Task directions:
All lines with the word "wooden" in the material below are required.

Provided data:
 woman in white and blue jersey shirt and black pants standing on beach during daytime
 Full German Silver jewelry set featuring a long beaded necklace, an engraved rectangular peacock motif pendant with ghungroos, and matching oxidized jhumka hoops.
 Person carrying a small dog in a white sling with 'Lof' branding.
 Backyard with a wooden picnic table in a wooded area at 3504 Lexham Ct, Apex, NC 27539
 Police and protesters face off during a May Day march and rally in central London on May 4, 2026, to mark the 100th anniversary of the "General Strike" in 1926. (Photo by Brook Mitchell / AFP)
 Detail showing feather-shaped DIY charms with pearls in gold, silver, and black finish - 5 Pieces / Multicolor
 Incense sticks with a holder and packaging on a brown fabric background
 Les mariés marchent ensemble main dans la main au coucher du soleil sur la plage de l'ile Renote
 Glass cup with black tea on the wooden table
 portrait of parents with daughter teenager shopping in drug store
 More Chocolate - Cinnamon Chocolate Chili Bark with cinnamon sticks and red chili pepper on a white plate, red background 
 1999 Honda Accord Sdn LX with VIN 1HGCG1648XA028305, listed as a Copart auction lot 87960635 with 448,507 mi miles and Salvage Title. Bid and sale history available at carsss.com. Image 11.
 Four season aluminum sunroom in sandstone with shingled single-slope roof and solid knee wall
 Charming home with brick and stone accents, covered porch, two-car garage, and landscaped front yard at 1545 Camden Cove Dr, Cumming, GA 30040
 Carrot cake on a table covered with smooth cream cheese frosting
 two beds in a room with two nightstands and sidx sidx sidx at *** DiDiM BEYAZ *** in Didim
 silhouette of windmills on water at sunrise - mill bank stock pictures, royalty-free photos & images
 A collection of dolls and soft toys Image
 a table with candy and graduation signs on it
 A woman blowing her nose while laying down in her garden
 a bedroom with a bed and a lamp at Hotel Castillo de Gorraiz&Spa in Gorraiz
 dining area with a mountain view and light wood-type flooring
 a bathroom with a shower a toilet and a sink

Output for this exercise:
 Backyard with a wooden picnic table in a wooded area at 3504 Lexham Ct, Apex, NC 27539
 Glass cup with black tea on the wooden table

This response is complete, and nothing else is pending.